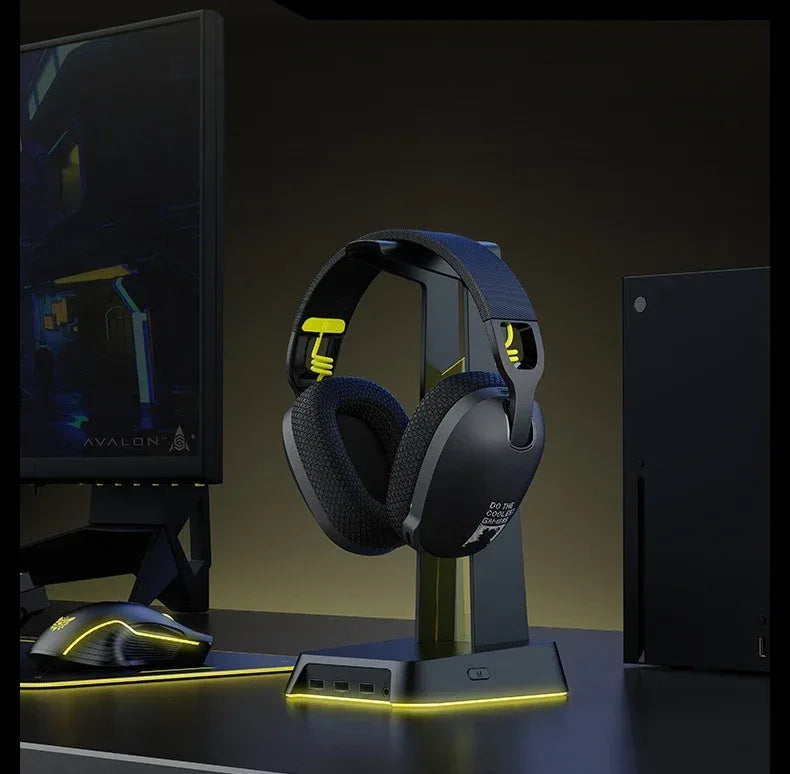 Tidesmit 2.4GHz Wireless Gaming Headset for PC PS5 with Boom Mic Tidesmit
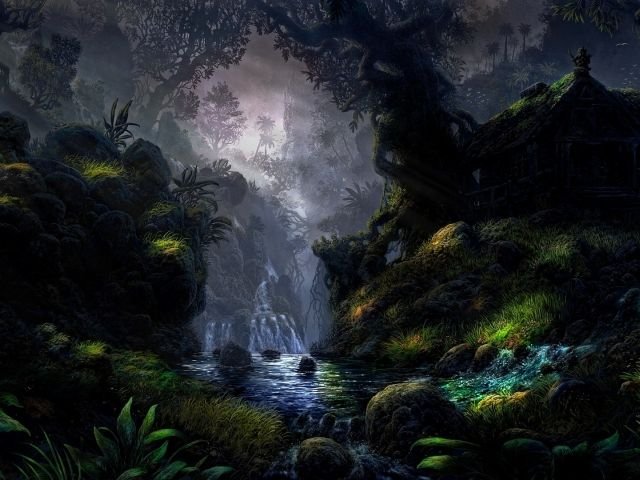 Пейзажи в стиле фэнтези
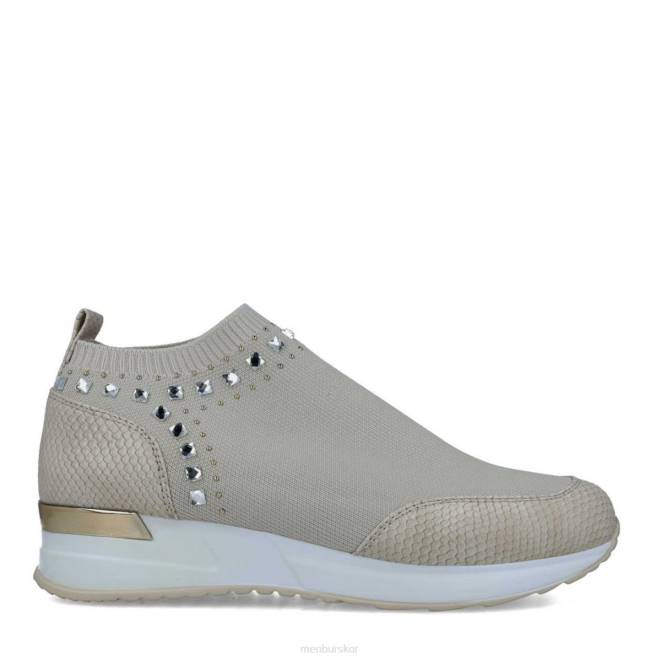 Menbur kvinnor beige Paydia sneakers 608J591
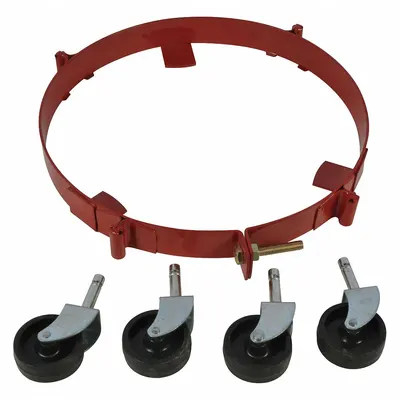 WESTWARD Drum Dolly: 120 lb Load Capacity, For 16 gal Container Capacity, Round - Open-Deck Drum Dollies with Clamping Support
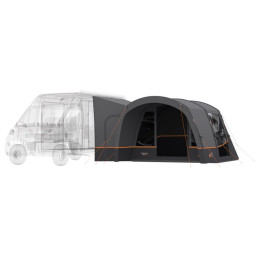 Vorzelt Vango Cove III Air Mid schwarz/grau Cloud Grey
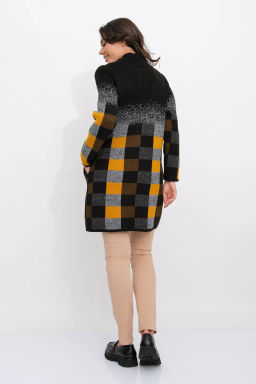 ЗЛАТА Кардиган К 675 ст/горчичный микс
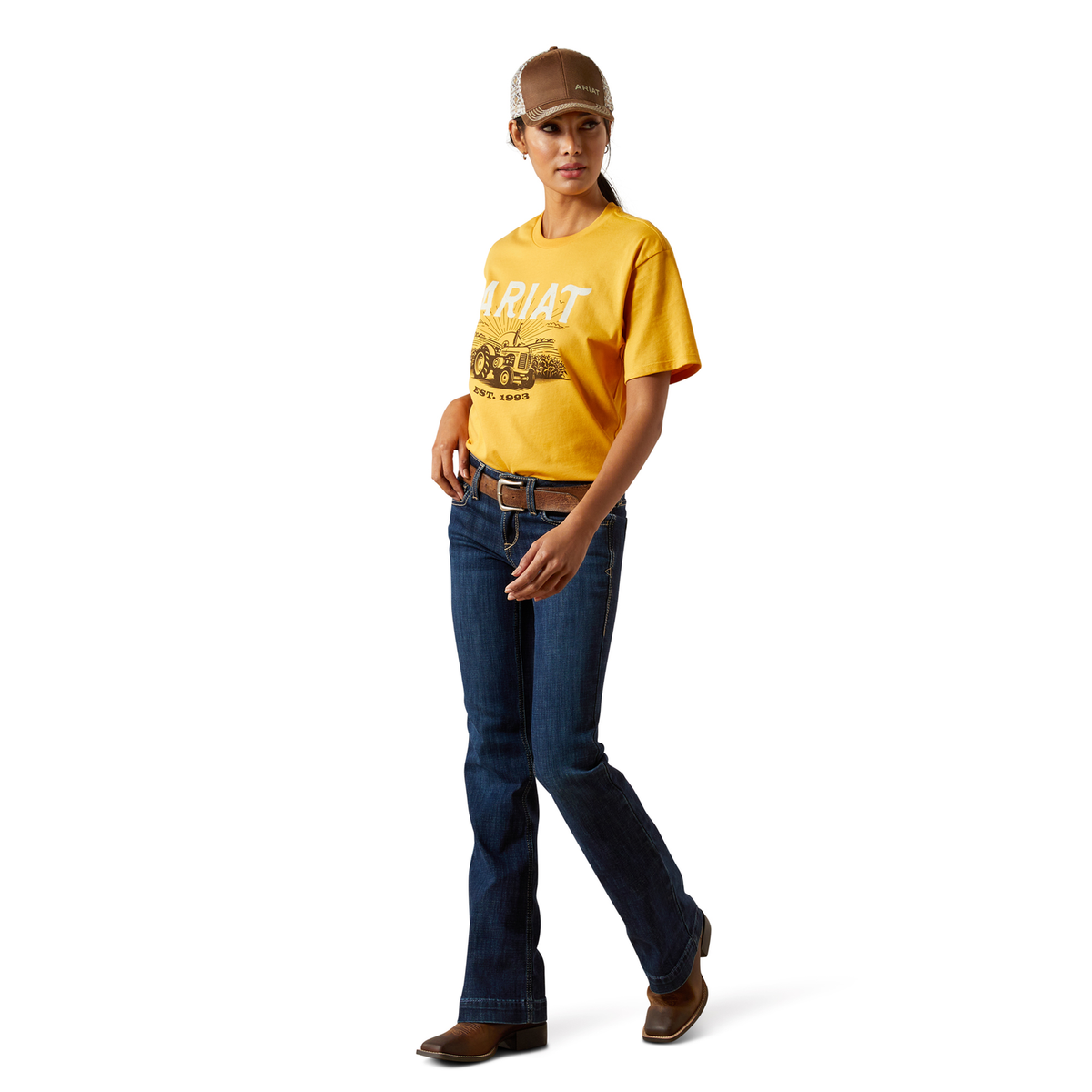 Ariat Women’s Keep It Rural Tee - Mustard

========================================

Only the lines from the one with "Vorzelt Vango Cove" through the final line of the entries belong in the answer, set down exactly, with both ends included and no pictures.

**YOUR SOLUTION**
 Vorzelt Vango Cove III Air Mid schwarz/grau Cloud Grey
 ЗЛАТА Кардиган К 675 ст/горчичный микс
 Ariat Women’s Keep It Rural Tee - Mustard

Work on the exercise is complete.